Has anyone mirrored the FTP site yet? I'm downloading at 4.2 k/second.... and this is at work where i'm more used to 150+ k/second at this time of day.... I'm very eager to check out the database format, but it seems i need to first download at 50 meg file...
How can it index the entire "800 million webpages" out there and only find 19 hits for "xml"? And the Specification wasn't one of them.
Not one single hit for "wide open beavers"! And the colors are just awful.
But why is it when I search for "ugly webpage" I get a the Juggernaut Technical Support page?
:-)
Oh, I get it, I got EXACTLY what I searched for!
Examination of their ftp distribution site reveals this is an early work in progress...most docs are "under construction," and even their helpers.txt (supposedly giving credit to others) is basically empty.
I'll post more if/when their src tarball ever finishes downloading (54M - whew!...and the site is getting /.'ed right now). My guess is they drew heavily from ht://dig, WAIS, SMART and other public-source search engines and spiders.
For those who can't get through to the site: they hope to sell subscriptions to their database, so that you can run their search engine internally. It's not clear whether they intend to license the spider/crawler or just the database.
Meanwhile, to those who have complained that easy searches turn up with nil results: read the page, dudes! It says clearly that you're searching a minimal test collection, but can search the whole thing (on your local system, seems like) for a subscription fee.
Credibility break: I'm an information science professor and design/evaluate alternate information retrieval systems.
The Juggernautsearch Engine crawler is the first fully automated crawler that can reindex all 800 million World Wide Web pages every three months fully available to the public for a nominal two year subscription fee.
.02
With the search engine being GPLed it still relies on a subscription service in in order for it to function. It mentions nothing about the crawler needed to create the database, but it also mentions that you are free to create your own database. Is it just me or is this a contradiction.
For the smallest subscription it gives 1.6 million urls at $100 a year. This price goes up to $500 for 10 Million urls.
For such a useful program, it is limiting itself to its own database which costs money to use.
Just my
That's for Managing Gigabytes, and there also is a great book (note that there's a second edition out now) with the same name on the topic from Witten, Moffat and Bell. Very well written. Go to http://www.mds.rmit.edu.au/mg/intro/about_mg.html to learn about the software, including links.

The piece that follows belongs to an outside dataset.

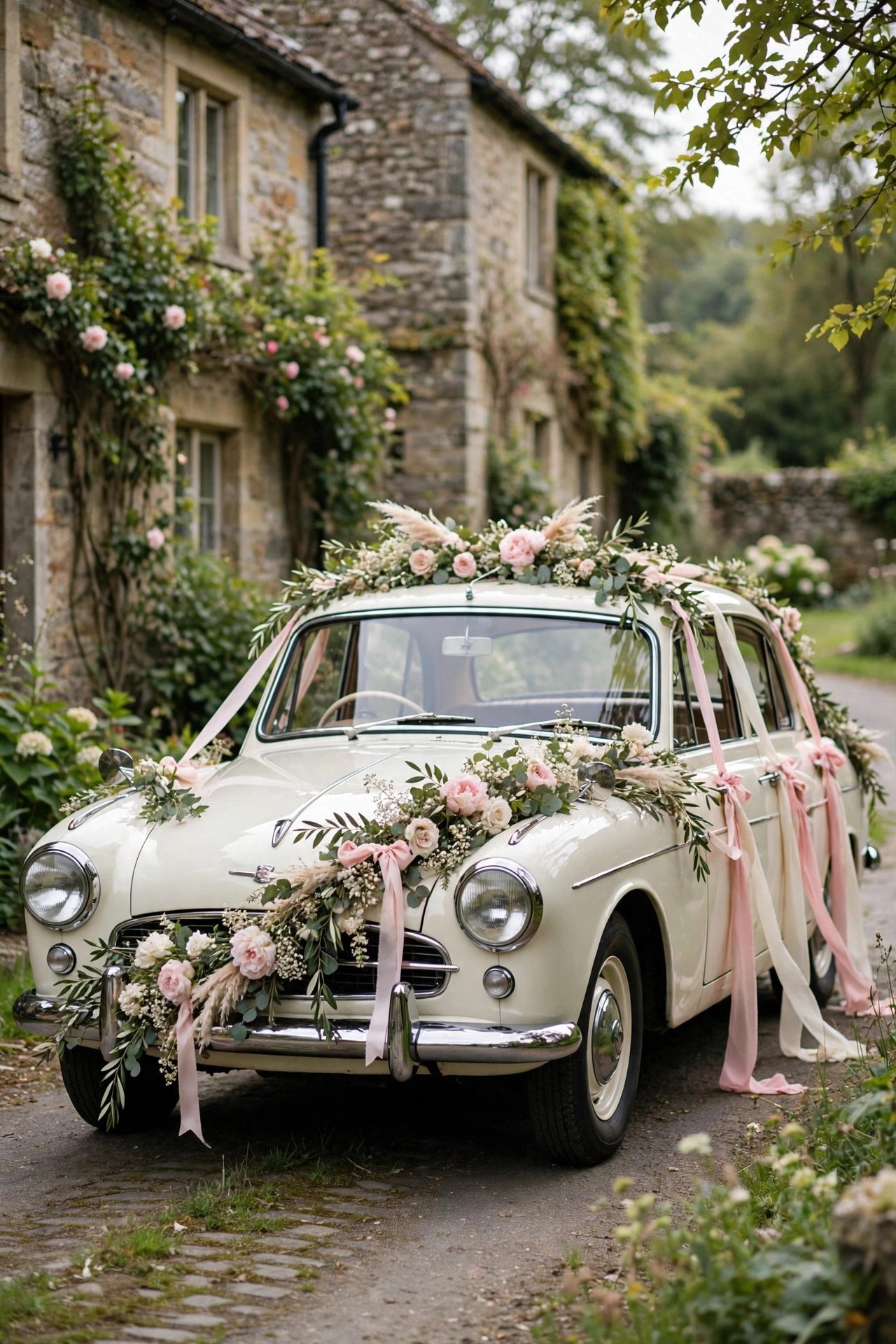 Vintage wedding getaway car decorated with ribbons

It also has a Freshmeat appindex: http://freshmeat.net/appindex/1999/09/09/936885957 .html
BTW, I'm not associated with the university, the book or whatever. I just enjoyed reading it.
Making this a distributed effort would only be useful for a clustering environment ala beowulf where tight syncronization would be needed to prevent machines from revisiting the same websites. Other than that, distributed processing for web crawlers is... dubious.
However, it really does not work when you would like it to find pages that no one points to. Those unique pages are well hidden from crawlers, even those you can e-mail all of your friends about them. Until one of your friends puts a link on his start page, you're immune.
For an organization, it's the wrong avenue of approach. Organizations tend to keep their internet files on a small set of machines, in very specific directory structures. The best search engine for those machines should have permission to look at the directory structures and go through every file in them when it uspdates it's database. This insures that every file in that organization is collected and that no links going outside the organization are followed.
Ken Boucher
No Zen is good zen
Well, alright, so it can do 10 mil a day on a PII with what? A t3? How much bandwidth do you need before the processor becomes the limiting factor with this engine? I certainly dont think my 26.4 connection at home can handle 10 mil pages a day. They should make some mention of that on the page.
On a side note, I was very dissapointed when a search for "deez nuts" came up dry.. oh well.
//Phizzy
"Most European technology just isn't worth our stealing," -- Former CIA chief James Woolsey, referring to Echelon
Unlike Juggernaut, it's a complete search engine system (crawler, database & front-end), it was developed over a long time, and has capabilities that even most modern search engines don't (such as relaxed spelling).
IMHO, it would be better for the Open Source community, as a whole, if someone picked up Harvest, modernised it and maintained it. At present, it's the best "openish" source Search Engine out there, and it's going to waste.
It's a small world and it smells funny; I'd buy another if it wasn't for the money; Take back what I paid (SoM)